# Winchester Model 70 7mm Rem Mag



## Dahlmer (Sep 12, 2007)

I'm trying to get a feel for what this is worth.

- Winchester Model 70 7mm Rem Mag with Leupold VXIII 3.5-10x40mm scope. Mounted on Leupold dovetail rings. Black synthetic stock.

- 60 150 grn 7mm Mag Nosler Partition hand loads. 65 grains H4831 in Remington brass with CCI primers.

- 16 150 grn 7mm Mag Nosler Ballistic tip hand loads. 65 grains H4831 in Remington brass with CCI primers.

- 60 7mm mag Remington brass...unprimed. 56 never shot - 4 shot once.

- Simmons 8-point 3-9x40 scope.

- I also may get rid of my 7mm die set for the right price.

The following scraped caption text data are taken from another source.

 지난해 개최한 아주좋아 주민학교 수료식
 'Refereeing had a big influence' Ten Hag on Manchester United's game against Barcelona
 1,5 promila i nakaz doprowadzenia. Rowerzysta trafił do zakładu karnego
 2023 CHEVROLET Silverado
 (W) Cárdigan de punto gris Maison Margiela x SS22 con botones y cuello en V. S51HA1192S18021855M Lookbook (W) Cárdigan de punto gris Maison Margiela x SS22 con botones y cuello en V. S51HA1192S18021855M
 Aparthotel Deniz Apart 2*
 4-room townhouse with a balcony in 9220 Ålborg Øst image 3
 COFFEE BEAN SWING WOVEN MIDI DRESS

I'm not looking for a trade.

The rifle is in excellent condition. It has been shot less than 100 times. It has not been shot for the last year. The Leupold scope shows some wear from normal use, including being packed in a scabbard.

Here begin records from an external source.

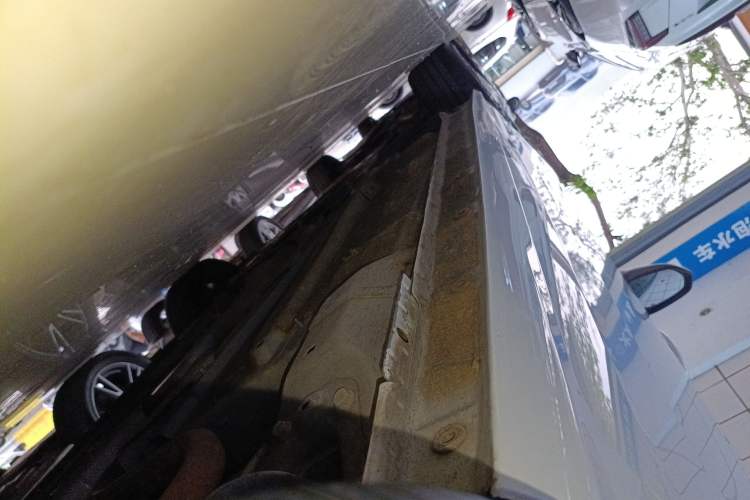 Used Dongfeng Aeolus Yixuan MAX 2021 1.5T Super-Powered Dad Edition Left Side Sill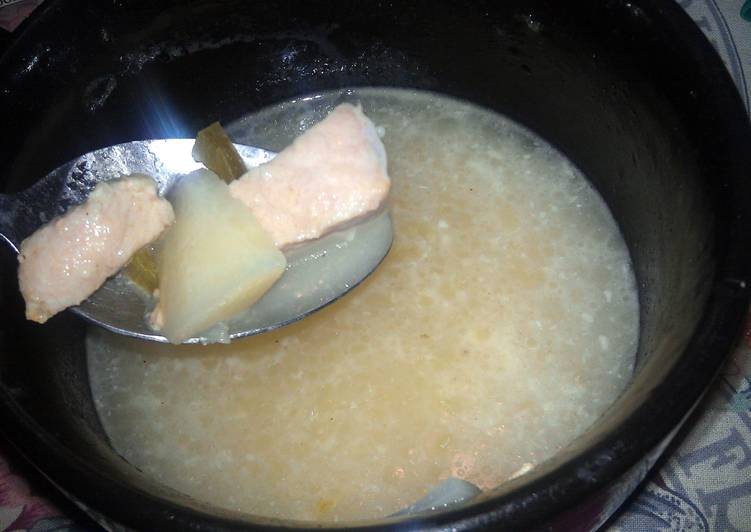 Spicy pork/potato soup (YUM)
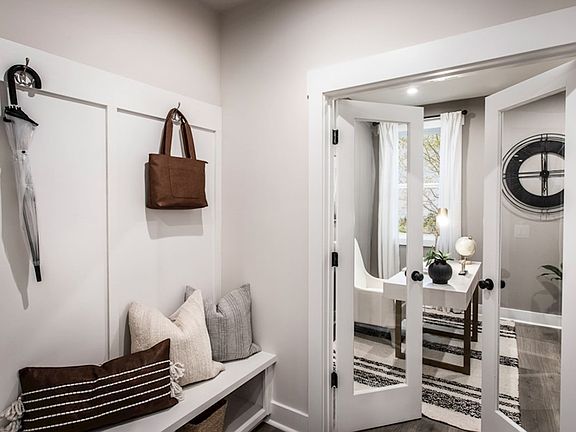 Tucker II Mudroom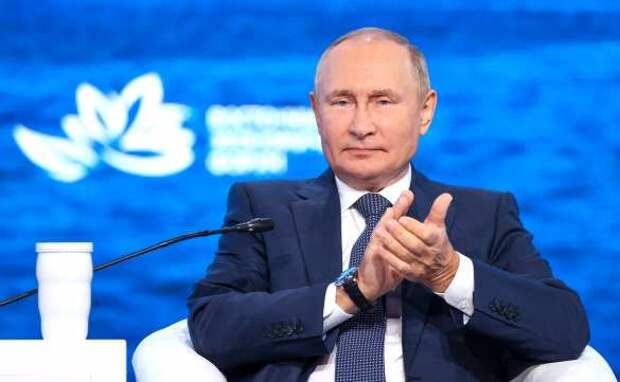Неформальная встреча: Путин принял глав государств СНГ в Петербурге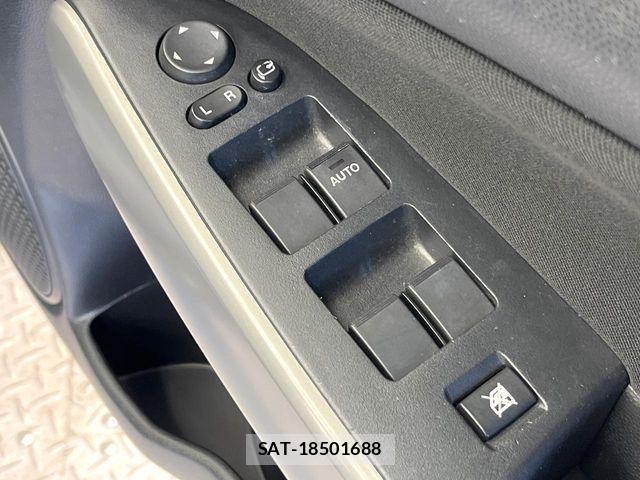Mazda DEMIO 2013-03 5866818-6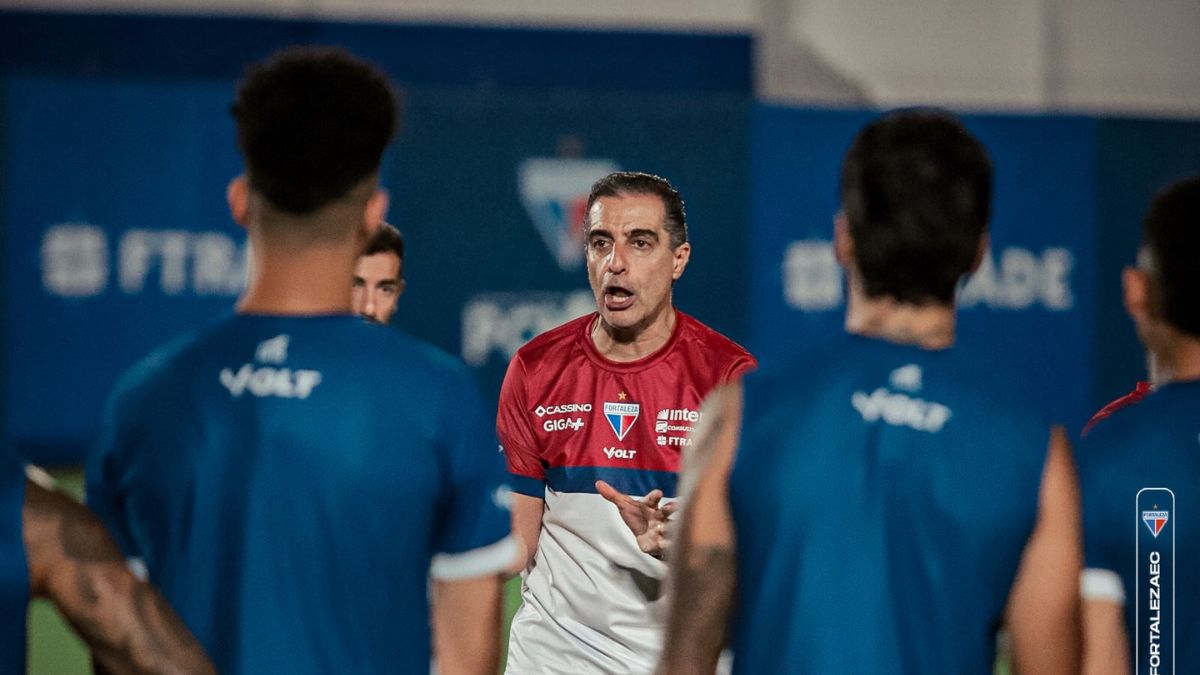 Paiva comanda treino no Fortaleza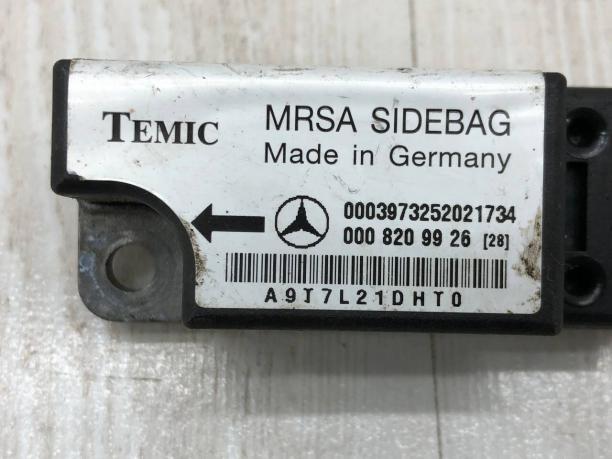 Датчик системы безопасности Mercedes W202 A0008209926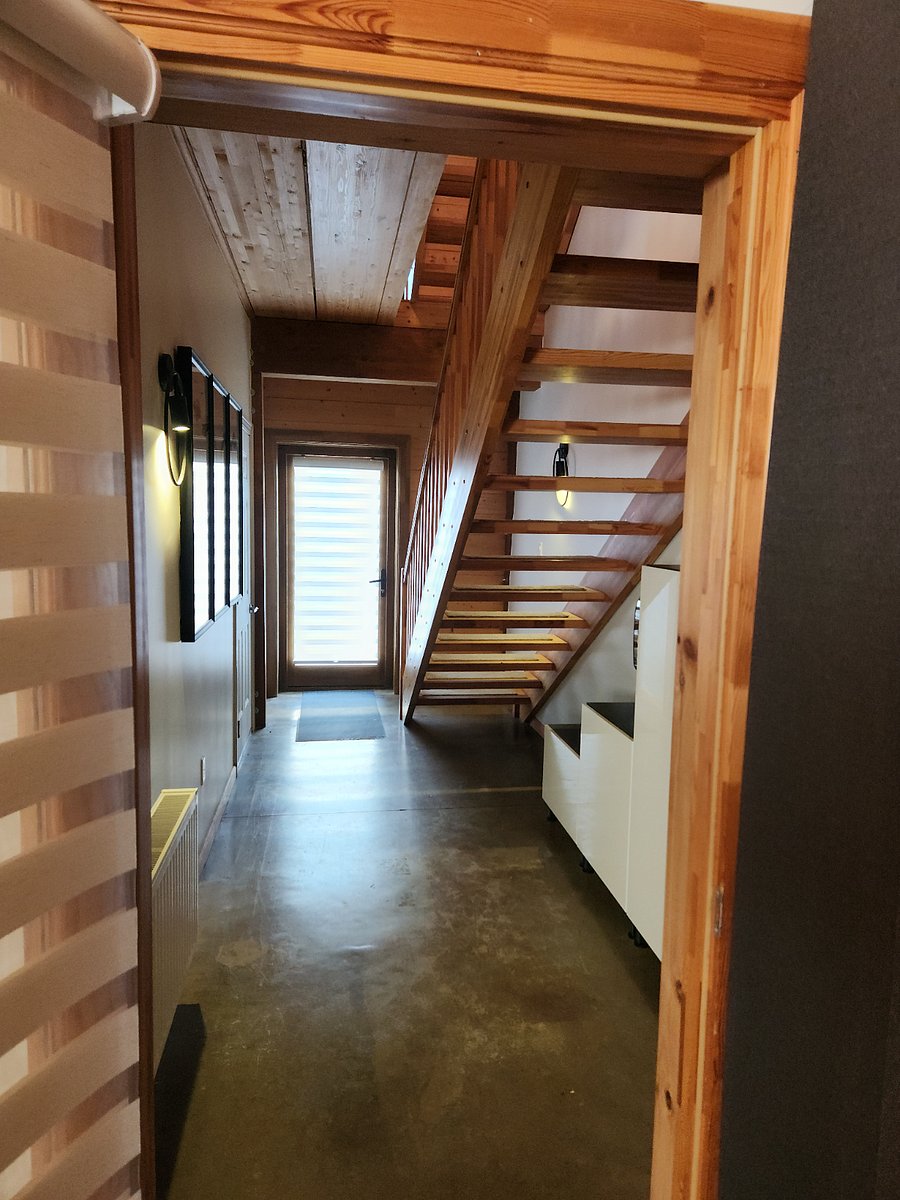 Furnished Finder property 1021438_1 photo 13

Only four of the brass have been shot, everything else is brand new.

The Simmons scope has never been used or mounted.


----------



## Huge29 (Sep 17, 2007)

http://utahwildlife.net/forum/18-firearms-reloading/52498-looking-7mm-2.html


----------



## exterpro (Aug 18, 2013)

What are you looking for price wise on the rifle?


----------



## Dahlmer (Sep 12, 2007)

Everything has been sold.


----------